**Data extracted from a collection:**
────────

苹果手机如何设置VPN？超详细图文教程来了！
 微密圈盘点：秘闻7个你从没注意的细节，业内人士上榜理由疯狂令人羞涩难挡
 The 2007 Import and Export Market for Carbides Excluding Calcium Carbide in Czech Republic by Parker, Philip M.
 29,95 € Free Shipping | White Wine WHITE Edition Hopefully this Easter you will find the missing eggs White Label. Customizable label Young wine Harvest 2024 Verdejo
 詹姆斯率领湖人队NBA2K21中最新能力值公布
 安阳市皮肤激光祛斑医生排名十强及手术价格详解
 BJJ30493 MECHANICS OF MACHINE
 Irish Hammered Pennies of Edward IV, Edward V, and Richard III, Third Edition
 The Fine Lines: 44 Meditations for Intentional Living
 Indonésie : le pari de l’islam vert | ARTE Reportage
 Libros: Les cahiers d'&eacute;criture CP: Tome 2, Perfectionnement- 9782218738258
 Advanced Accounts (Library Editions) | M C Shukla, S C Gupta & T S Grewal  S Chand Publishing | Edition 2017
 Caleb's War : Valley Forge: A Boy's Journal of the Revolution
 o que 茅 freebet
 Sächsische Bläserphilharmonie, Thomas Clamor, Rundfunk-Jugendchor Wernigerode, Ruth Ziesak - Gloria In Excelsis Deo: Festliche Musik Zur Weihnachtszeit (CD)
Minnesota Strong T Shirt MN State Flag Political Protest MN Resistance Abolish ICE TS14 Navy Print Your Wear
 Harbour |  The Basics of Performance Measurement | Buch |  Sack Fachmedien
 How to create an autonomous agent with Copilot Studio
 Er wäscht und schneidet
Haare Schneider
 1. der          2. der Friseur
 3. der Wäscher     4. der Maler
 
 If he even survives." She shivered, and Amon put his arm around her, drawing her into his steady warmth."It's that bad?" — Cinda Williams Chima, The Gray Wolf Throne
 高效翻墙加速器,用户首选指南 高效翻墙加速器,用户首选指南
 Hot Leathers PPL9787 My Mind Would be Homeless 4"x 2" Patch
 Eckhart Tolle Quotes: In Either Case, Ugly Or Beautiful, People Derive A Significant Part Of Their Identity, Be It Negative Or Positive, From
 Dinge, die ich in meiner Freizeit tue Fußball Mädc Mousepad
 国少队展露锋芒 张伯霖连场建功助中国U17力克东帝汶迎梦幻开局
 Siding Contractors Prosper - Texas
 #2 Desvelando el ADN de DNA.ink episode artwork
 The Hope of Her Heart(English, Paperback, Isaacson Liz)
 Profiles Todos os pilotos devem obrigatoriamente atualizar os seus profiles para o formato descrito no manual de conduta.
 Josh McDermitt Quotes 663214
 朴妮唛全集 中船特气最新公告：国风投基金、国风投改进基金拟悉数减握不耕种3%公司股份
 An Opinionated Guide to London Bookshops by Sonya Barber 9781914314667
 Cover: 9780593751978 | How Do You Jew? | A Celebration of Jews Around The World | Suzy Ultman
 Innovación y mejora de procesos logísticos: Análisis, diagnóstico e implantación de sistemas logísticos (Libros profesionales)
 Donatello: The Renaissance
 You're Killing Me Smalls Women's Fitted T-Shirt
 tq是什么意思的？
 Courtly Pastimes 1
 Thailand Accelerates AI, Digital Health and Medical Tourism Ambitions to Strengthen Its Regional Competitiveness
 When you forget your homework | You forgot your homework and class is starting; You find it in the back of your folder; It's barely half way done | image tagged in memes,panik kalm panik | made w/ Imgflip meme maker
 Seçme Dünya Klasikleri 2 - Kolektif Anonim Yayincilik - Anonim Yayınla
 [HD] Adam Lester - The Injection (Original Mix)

────────

**Directions:** Copy out only the lines above from the one with "Courtly Pastimes 1" to the one with "Seçme Dünya Klasikleri", inclusive, exactly as they stand.

**Written solution:**
 Courtly Pastimes 1
 Thailand Accelerates AI, Digital Health and Medical Tourism Ambitions to Strengthen Its Regional Competitiveness
 When you forget your homework | You forgot your homework and class is starting; You find it in the back of your folder; It's barely half way done | image tagged in memes,panik kalm panik | made w/ Imgflip meme maker
 Seçme Dünya Klasikleri 2 - Kolektif Anonim Yayincilik - Anonim Yayınla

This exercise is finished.